◆ YOUR TASK: Print every entry exactly as it appears, but skip the pictures.

◆ RECORDS FOR THIS EXERCISE:
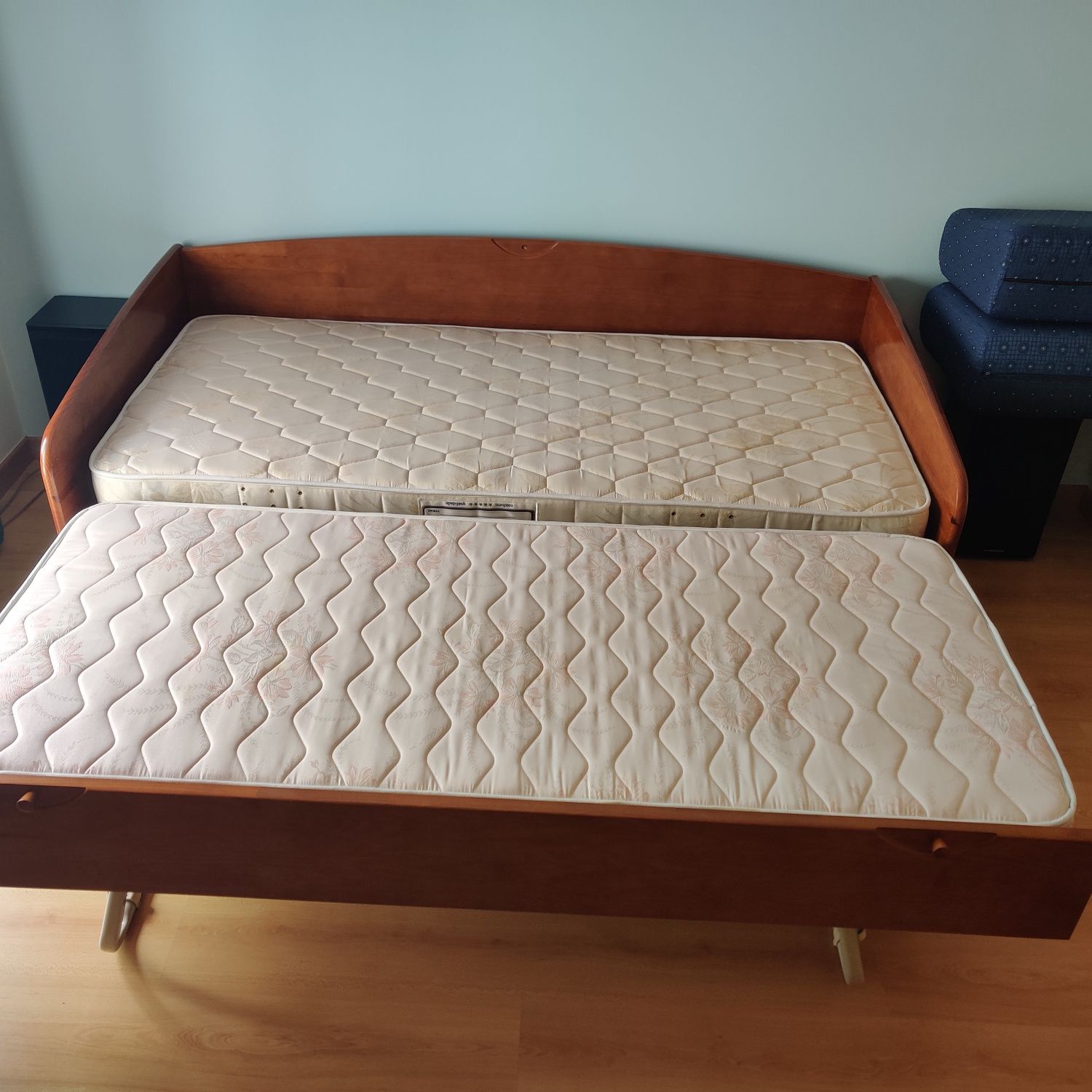 Cama com gaveta que pode converter em sofá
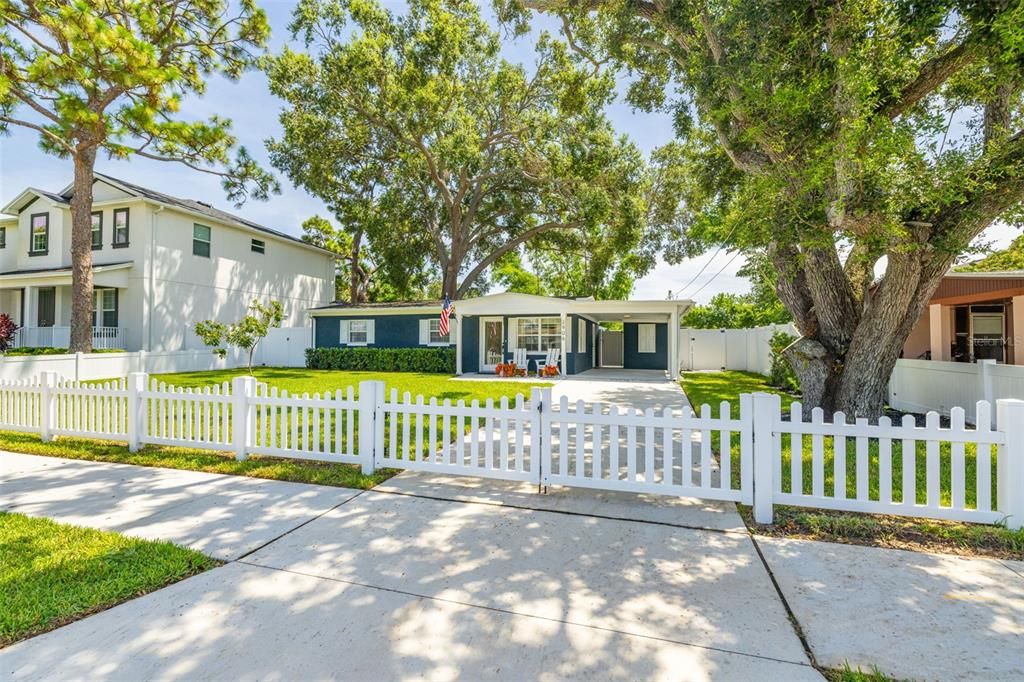 Backyard, Exterior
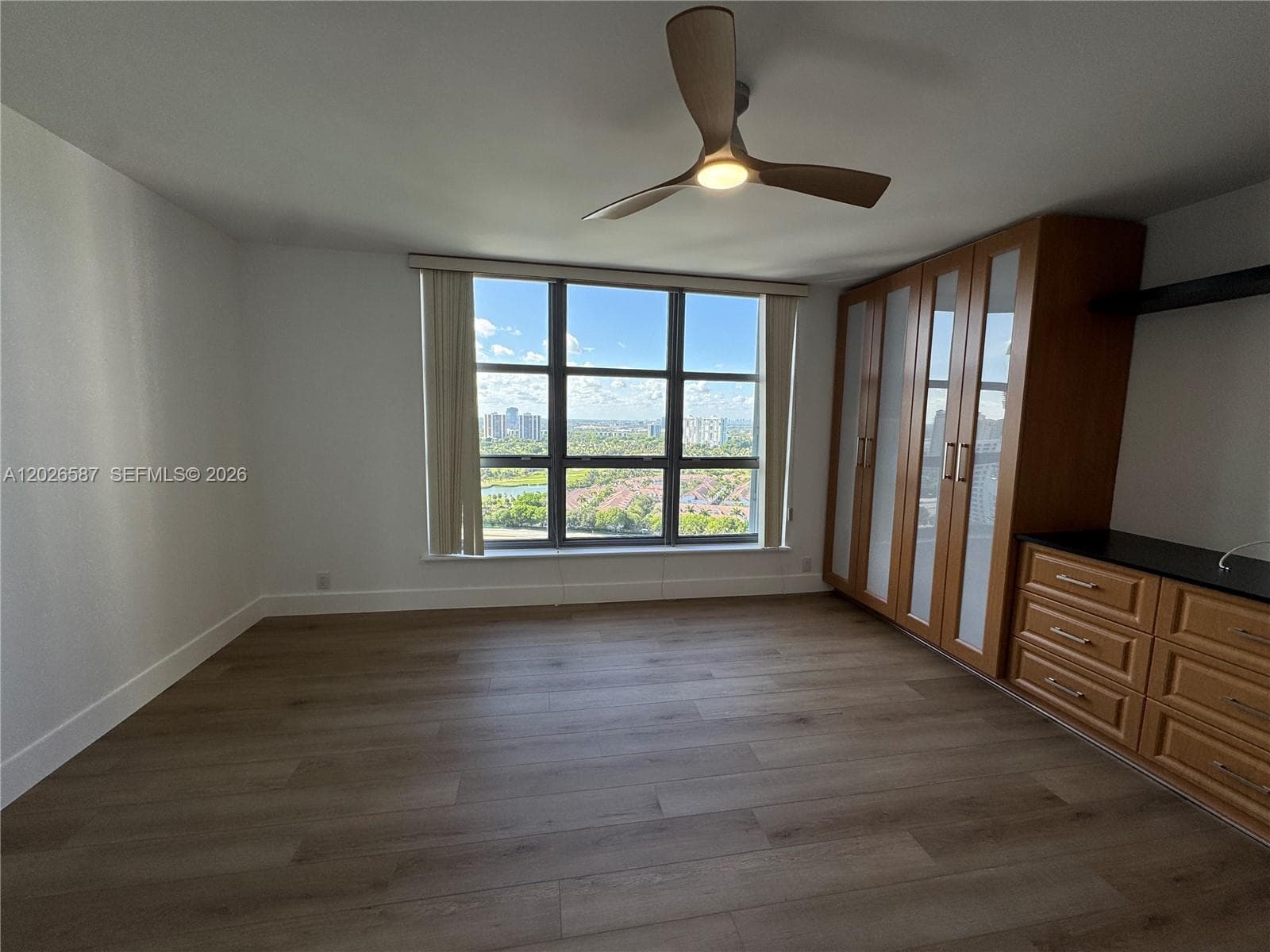 3530 Mystic Pointe Dr # 2709, Aventura FL 33180 — 38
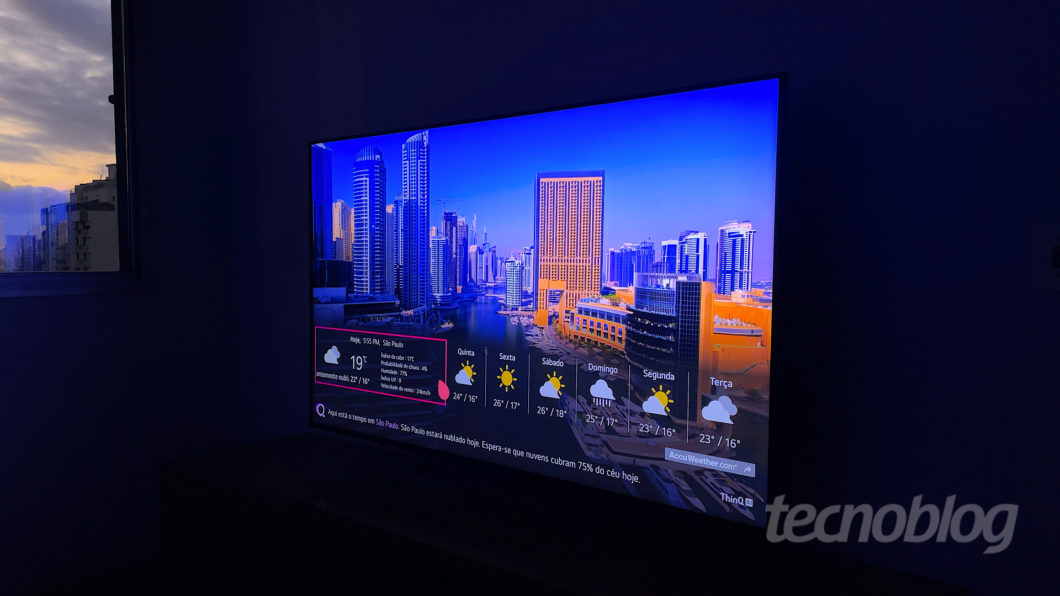 8K LG Nano96 TV (Image: Paulo Higa / Tecnoblog)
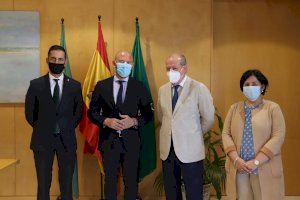 Toni Gaspar realitza una visita institucional a la Diputació i l'Ajuntament de Sevilla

◆ RESPONSE:
 Cama com gaveta que pode converter em sofá
 Backyard, Exterior
 3530 Mystic Pointe Dr # 2709, Aventura FL 33180 — 38
 8K LG Nano96 TV (Image: Paulo Higa / Tecnoblog)
 Toni Gaspar realitza una visita institucional a la Diputació i l'Ajuntament de Sevilla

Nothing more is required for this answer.